Collected data:
⁂
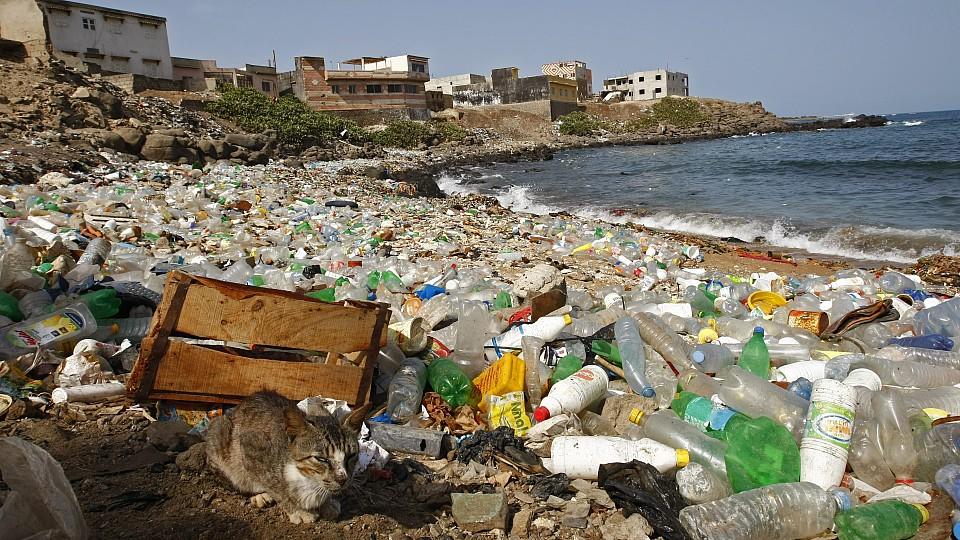 Plastikmüll in den Meeren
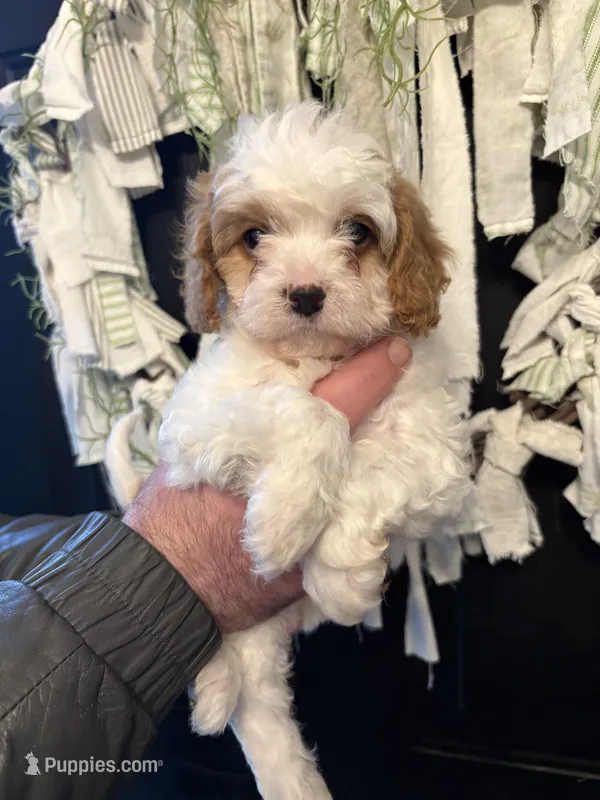 Cavapoo – Cavapoo puppy for sale in Canal Fulton, OH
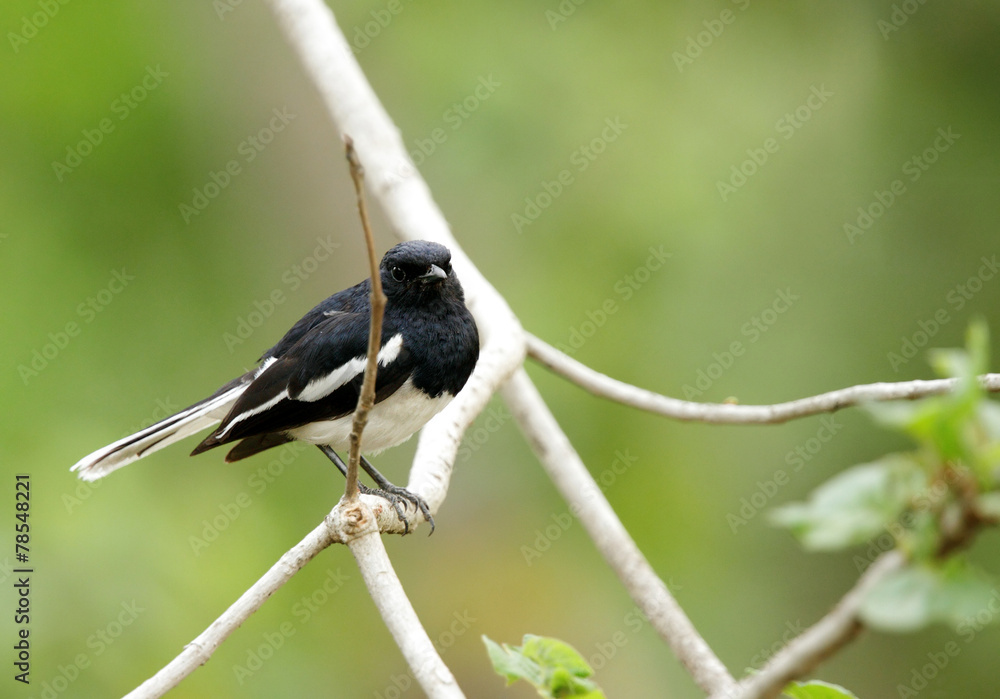 Obraz premium Beautiful male Oriental Magpie-Robin in Jhirna Forest
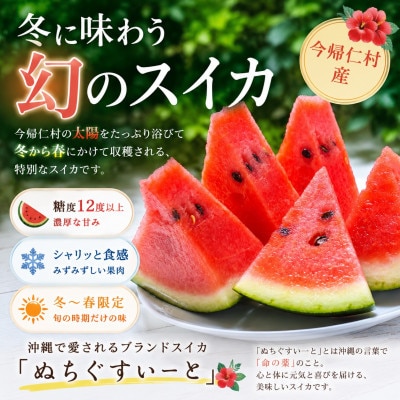 【2027年1月中旬より順次発送】冬に食べる幻のスイカ ぬちぐすいーと 1玉(4.5kg以上)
⁂
Exercise: The reply should repeat the data in full, exactly as given, and contain no pictures.

Output of the exercise:
 Plastikmüll in den Meeren
 Cavapoo – Cavapoo puppy for sale in Canal Fulton, OH
 Obraz premium Beautiful male Oriental Magpie-Robin in Jhirna Forest
 【2027年1月中旬より順次発送】冬に食べる幻のスイカ ぬちぐすいーと 1玉(4.5kg以上)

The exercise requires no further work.